GODDARD, M. Beyond Polish moral realism: The subversive cinema of Andrzej Żuławski. In: MAZIERSKA, E.; GODDARD, M. Polish Cinema in a Transnational Context. 1ª. ed. Rochester: University of Rochester Press, 2014. p. 235-257.

GRBAVAC, N. Monsters Within and Without: Reading Female Identity Through Monstrosity in Andrzej Żuławski’s Possession. Tese de Mestrado em Estudos Midiáticos: Mídia Nórdica. Oslo: Universidade de Oslo, 2016.

MACCORMACK, P. Mucous, monsters and angels: Irigaray and Zulawski’s Possession. Cinema: Journal of Philosophy and the Moving Image, Lisboa, 1, 2010. 95-110.

POSSESSION. Direção: Andrzej Żuławski. Produção: Marie-Laure Reyre. França/Alemanha Ocidental: Oliane Productions. 1981.
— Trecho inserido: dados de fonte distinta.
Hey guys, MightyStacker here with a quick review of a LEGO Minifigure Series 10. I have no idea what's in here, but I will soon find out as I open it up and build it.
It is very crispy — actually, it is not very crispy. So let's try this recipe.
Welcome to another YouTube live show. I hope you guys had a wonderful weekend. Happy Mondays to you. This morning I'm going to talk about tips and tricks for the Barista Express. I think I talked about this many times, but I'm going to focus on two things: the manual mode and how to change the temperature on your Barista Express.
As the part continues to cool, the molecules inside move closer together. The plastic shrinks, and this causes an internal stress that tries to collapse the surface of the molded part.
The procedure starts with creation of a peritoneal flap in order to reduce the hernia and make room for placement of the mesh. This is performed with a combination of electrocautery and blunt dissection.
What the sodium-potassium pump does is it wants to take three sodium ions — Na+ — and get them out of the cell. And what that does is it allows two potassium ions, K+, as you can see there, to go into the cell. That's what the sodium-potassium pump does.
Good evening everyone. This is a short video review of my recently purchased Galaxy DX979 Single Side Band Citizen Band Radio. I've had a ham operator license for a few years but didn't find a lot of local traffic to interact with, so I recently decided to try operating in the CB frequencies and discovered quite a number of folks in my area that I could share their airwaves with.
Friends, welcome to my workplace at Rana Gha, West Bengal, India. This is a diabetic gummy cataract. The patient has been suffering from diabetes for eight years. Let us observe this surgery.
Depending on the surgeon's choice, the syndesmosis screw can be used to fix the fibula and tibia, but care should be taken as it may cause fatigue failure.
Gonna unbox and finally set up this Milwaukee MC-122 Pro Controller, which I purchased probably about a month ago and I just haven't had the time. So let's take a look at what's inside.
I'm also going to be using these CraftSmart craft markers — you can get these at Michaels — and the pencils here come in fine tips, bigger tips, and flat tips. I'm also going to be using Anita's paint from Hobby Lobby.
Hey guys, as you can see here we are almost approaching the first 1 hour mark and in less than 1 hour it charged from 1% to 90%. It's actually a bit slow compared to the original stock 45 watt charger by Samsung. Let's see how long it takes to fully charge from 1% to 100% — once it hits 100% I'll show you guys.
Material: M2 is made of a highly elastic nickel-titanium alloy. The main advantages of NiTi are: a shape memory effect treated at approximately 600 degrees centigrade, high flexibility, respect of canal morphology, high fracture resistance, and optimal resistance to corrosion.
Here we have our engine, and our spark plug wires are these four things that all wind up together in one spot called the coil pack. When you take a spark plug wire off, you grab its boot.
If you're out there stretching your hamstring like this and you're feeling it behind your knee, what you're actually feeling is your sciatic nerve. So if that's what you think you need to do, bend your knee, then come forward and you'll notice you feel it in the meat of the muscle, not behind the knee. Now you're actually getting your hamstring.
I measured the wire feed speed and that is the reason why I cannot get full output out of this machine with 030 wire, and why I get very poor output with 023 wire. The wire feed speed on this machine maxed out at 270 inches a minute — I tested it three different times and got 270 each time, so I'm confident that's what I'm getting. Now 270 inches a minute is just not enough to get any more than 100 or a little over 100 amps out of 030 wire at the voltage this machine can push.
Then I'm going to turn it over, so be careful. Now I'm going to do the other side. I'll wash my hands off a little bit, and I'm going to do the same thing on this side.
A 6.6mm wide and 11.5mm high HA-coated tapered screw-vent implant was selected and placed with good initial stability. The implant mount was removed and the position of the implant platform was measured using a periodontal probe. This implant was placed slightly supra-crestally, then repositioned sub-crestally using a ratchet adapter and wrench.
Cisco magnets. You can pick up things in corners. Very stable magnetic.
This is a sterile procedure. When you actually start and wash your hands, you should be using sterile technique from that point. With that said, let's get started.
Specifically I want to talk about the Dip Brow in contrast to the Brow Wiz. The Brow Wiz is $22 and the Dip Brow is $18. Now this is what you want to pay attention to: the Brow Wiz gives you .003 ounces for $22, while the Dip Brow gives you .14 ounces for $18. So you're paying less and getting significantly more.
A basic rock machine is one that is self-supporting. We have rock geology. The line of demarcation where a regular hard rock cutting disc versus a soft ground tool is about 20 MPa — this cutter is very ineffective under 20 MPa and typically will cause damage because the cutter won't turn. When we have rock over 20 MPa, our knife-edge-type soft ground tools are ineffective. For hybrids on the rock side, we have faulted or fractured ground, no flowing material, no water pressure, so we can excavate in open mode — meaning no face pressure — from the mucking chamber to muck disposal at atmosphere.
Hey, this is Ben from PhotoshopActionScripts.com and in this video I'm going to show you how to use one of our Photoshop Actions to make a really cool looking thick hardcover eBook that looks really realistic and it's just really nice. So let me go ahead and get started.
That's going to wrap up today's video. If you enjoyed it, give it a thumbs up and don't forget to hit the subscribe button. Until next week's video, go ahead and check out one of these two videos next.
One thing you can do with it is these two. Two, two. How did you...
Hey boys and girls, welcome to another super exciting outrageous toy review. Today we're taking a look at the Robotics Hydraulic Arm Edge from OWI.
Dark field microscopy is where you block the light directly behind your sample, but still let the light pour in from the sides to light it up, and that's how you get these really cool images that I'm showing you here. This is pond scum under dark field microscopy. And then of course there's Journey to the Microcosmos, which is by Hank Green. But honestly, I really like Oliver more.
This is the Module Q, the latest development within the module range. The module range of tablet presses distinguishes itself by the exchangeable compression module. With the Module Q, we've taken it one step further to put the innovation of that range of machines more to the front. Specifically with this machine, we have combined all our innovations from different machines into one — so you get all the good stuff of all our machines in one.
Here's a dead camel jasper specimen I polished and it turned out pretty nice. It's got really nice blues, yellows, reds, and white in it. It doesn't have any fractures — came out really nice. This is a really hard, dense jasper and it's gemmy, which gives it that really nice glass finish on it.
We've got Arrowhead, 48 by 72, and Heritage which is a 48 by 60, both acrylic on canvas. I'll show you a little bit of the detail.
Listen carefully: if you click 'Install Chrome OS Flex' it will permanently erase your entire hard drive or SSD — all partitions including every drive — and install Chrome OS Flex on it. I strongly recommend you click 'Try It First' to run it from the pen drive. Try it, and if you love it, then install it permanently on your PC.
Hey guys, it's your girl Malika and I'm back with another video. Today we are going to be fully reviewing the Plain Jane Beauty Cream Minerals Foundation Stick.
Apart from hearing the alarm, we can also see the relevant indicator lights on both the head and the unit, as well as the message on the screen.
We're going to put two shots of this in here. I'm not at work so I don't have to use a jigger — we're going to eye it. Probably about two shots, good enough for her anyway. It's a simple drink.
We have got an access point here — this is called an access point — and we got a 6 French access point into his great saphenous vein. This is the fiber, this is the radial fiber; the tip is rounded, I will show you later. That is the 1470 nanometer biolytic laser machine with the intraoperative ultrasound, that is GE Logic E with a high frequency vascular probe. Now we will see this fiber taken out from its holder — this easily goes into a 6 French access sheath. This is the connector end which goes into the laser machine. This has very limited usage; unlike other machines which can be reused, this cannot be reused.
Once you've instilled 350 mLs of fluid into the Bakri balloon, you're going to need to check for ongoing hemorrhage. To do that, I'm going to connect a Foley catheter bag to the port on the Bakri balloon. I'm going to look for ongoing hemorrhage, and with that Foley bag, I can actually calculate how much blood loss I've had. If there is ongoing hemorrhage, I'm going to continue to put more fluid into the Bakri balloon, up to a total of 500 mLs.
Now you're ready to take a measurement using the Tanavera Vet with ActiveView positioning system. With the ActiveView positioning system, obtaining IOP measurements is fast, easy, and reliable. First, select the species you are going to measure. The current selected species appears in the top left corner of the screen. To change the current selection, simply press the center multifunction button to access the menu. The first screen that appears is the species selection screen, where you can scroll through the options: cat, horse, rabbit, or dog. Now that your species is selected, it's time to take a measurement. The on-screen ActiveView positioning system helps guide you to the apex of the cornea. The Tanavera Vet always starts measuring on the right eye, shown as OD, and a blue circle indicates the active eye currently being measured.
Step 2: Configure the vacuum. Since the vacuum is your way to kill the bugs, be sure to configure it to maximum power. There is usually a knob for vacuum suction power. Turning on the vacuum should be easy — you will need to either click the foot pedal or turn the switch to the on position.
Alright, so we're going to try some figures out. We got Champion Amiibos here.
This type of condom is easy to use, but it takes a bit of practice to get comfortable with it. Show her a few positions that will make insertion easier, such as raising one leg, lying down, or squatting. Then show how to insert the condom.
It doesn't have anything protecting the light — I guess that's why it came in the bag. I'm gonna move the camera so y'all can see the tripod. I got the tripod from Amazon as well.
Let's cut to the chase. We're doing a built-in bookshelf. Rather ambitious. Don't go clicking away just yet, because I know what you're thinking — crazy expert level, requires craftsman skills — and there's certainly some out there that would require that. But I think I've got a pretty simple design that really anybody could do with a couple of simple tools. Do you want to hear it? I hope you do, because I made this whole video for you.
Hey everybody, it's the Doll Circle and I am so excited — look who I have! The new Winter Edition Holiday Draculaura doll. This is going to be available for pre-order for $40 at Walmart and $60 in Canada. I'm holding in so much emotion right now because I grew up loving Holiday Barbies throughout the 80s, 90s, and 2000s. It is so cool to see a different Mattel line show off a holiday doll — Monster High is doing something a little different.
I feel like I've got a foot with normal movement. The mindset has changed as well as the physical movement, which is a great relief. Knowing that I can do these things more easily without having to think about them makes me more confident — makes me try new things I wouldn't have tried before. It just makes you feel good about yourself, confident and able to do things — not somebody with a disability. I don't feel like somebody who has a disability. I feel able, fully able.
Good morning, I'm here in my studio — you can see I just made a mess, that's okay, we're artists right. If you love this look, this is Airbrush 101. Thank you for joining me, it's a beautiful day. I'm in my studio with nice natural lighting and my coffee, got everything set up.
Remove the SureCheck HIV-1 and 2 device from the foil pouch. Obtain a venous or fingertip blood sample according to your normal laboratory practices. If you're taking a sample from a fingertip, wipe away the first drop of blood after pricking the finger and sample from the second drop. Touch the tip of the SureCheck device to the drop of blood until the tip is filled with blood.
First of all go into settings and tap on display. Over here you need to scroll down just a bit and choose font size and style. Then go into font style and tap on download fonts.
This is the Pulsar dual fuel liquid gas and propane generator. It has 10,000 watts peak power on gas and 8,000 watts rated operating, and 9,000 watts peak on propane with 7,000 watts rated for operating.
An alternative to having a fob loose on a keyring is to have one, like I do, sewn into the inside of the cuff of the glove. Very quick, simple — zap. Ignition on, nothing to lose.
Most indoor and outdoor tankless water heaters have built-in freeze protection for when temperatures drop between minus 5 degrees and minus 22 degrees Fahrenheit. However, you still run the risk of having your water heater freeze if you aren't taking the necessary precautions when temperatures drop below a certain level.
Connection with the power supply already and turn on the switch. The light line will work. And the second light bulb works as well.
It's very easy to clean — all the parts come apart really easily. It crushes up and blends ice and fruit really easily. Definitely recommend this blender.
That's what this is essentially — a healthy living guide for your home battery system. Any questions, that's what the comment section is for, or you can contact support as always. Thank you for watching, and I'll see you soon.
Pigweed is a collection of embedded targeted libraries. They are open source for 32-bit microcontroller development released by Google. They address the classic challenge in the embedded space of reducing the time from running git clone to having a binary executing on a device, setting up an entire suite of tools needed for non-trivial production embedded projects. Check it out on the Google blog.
THE OTHER SIDE OF THE WALL: THE MAKING OF POSSESSION. Direção, Roteiro e Produção: Daniel Bird. Reino Unido: Bildstörung. 2009. TOTARO, D. An Interview with Andrzej Zulawski and Daniel Bird. Offscreen, 18, 5, 2014. Disponível em: <https://offscreen.com/view/an-interview-with-andrzej-zulawski-and-daniel-


[1] Na definição do Dicionário de Inglês de Cambridge, a palavra Doppelgänger aparece como alguém que é idêntico a outra pessoa – uma espécie de réplica – mas sem que exista qualquer relação entre elas (CAMBRIDGE UNIVERSITY PRESS, 2021). Acredita-se que essas réplicas idênticas representam, muitas vezes, o oposto de seus homólogos.

[2] Parece ambíguo se Marc de fato morreu e se a sua réplica é uma outra pessoa, se é ele mesmo ou se é o Monstro em sua forma mais evoluída. O ponto aqui é que, ao final do filme, o personagem Marc que foi estabelecido no começo da narrativa, não existe mais, tendo sido substituído por outro completamente diferente.